Sunday, February 8, 2015

Vernet 1814: Boots - Part 1



Call me crazy, but I'm actually attempting to make the shoes that are in my Vernet fashion plate.  I've been working and reworking mock-ups of my shoes for about 5 months now.  I've read and re-read Every Lady Her Own Shoemaker, published anonymously by a Lady in 1855.  Most of it is straightforward, but when it comes to working the leather, and attaching the uppers to the sole...I must admit, I am struggling.

The only other time I attempted to make something even remotely looking like a shoe it was an epic failure.  SEE HERE if you don't believe me.  I am hoping and praying that this time I am somewhat more clever than I was then.

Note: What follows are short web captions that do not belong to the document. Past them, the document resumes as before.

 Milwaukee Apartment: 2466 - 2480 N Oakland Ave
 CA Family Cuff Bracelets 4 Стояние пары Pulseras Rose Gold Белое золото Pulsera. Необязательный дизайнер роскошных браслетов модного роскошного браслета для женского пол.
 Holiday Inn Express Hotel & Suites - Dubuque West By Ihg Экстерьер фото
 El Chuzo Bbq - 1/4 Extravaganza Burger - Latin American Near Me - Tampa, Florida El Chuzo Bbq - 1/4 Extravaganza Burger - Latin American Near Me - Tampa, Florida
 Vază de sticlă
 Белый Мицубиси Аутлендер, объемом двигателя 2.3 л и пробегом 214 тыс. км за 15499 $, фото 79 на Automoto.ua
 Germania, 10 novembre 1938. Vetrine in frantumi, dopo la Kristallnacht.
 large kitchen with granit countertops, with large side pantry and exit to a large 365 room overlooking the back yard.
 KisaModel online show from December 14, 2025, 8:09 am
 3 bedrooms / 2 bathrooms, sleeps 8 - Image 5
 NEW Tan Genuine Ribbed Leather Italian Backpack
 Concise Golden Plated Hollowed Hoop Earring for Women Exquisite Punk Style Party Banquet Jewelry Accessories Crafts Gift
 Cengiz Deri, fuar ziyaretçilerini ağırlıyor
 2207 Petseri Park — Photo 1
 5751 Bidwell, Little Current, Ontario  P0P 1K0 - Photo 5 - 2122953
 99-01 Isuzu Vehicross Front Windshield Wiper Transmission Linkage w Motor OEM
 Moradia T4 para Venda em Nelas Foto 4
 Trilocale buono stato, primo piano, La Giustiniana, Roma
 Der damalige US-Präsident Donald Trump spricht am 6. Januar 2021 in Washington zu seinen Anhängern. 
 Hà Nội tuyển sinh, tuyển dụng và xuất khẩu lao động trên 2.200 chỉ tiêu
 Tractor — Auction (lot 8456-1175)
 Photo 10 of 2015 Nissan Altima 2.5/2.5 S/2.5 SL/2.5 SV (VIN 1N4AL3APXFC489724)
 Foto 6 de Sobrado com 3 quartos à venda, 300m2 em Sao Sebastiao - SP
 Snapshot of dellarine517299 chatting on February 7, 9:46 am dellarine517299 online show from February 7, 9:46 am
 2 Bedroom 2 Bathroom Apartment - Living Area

The first step was to find a proper shoe last.  Any old last wouldn't do, because shoes in 1814 would have been made with a straight last.  In other words, there wasn't a left or right shoe...both would have been the same.  Finding an original antique straight last is hard to do.  Finding one in my modern shoe size 8 1/2 is even harder.   I searched and scoured Ebay and Etsy for weeks, until I came across IT...the golden last...the one that shone and made angels sing...it was perfect (well, close enough)...and it was cheap!




See how straight it is?  No curve in toward one side or another.  I'm guessing that this last was made in the early to mid 1800's.  
The only small defect it had was being a tiny bit too short in the heel.  So, I altered it with some scrap leather to get the needed size.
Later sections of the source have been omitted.